Absolutely.  In fact, I was originally going to post the contents of the proxy code for one of our sample applications, but this post has since grown to be way longer than I originally expected, so I won’t bloat it even more by including code you can read on your own.

So since I’m not including code wholesale, I’ll direct you to the two WSDAPI samples in the Windows SDK (StockQuote and FileService).  I don’t recall if generated code is included directly in the same (uhh…I feel like I should know that), but you can generate it easily enough from the included WSDLs.

That’s great.  Now how do I use all of this?
Alas, this is where things get beyond the scope of this article.  Generated code is (on the surface) pretty simple stuff, so all you should need to use it is a basic understanding of the few fundamental WSDAPI control objects: specifically the IWSDDeviceProxy, IWSDServiceProxy, and IWSDDeviceHost.  They’re fairly straightforward and you probably won’t have difficulty understanding them on your own, but you’ll have to wait until the next installment of WSDAPI 101 if you want to hear what I’ve got to say about them.

So with that, see you next time!

Comments (6)

  1. anderzubi says:

    Hello Dan,

    Is it possible to use wsdcodegen.exe tool to generate code from multiple files?

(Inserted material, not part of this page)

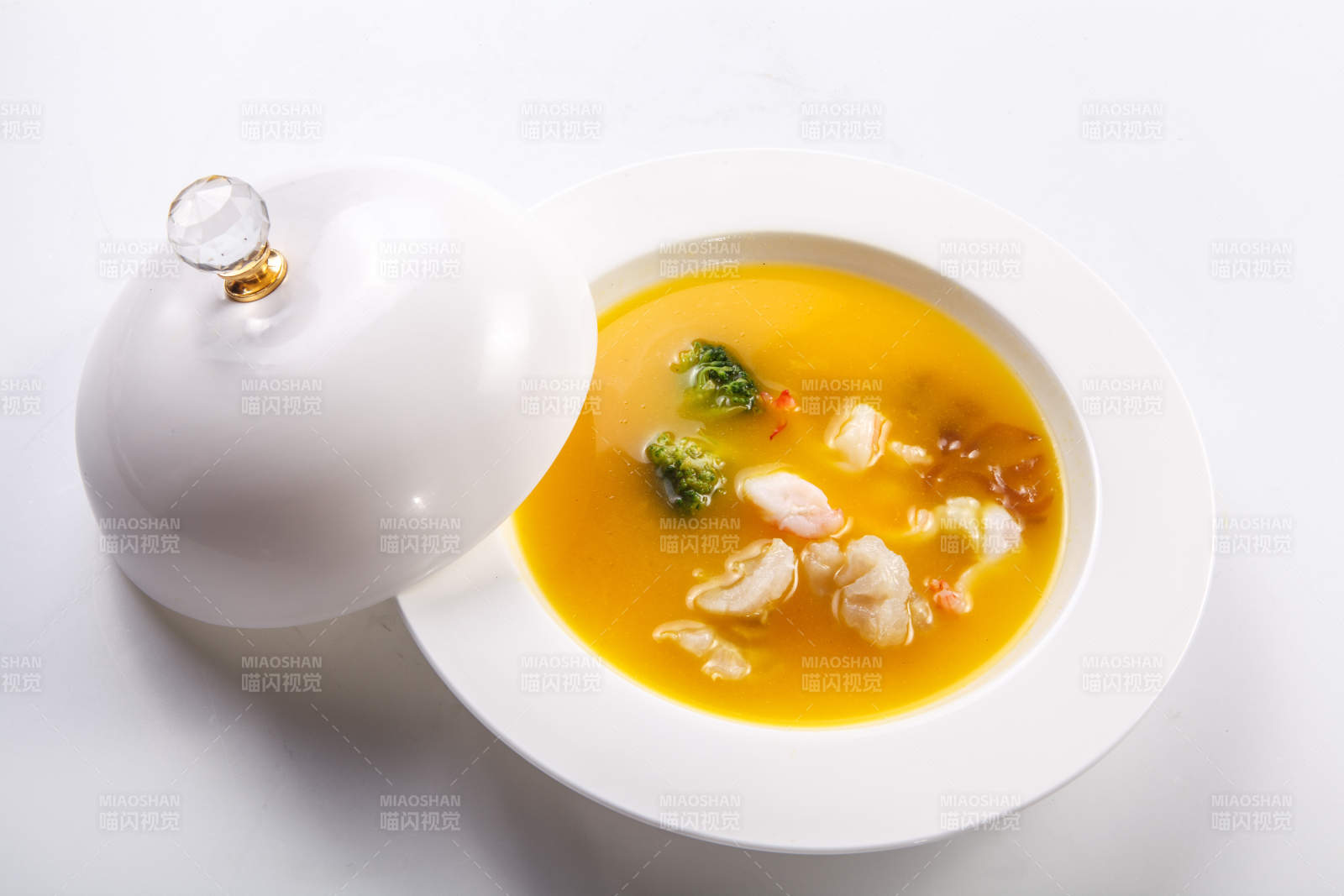 白色瓷盘装的浓汤花胶鱼肚炖鹿鞭图片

    I have defined a contract interface using WCF and then extracted the wsdl description with Svcutil.exe, but it generates multible .wsdl and .xsd files. When I try to generate code using wsdcodegen.exe I get an error.

    What could I do to generate the code?


  2. anderzubi says:

    Nevermind. Solved. It was a problem with imports in the wsdl file.

  3. Mahen says:

    Hello Dan,

    Is it possible to access WSDAPI service from WCF client.


  4. dandris says:

    Hi Mahen-

    It depends on what you would like to do. I haven't been on the WSDAPI team for a while, but when I last looked, WCF could invoke some basic service operations but could not easily handle extra functionality like WS-Eventing and DPWS metadata. WSDAPI also does not publish its own WSDLs (the expectation is that the WSDL is delivered offline) so automatic proxy generation won't work.


  5. Mahen says:


    Deployment scenario is as follows.

    1. WSDAPI service is running on WinCE 7 device

    2. PC based application is .Net based so we wanted to use WCF client at PC end. If we create proxy manually at PC end then, Is it possible to access functionality exposed by WSDPI service to WCF client.


  6. dandris says:

    Hi Mahen-

    I haven't tried it recently. You may be able to get basic service operations to work. Complex operations (WS-Eventing, traversing metadata) will be a challenge.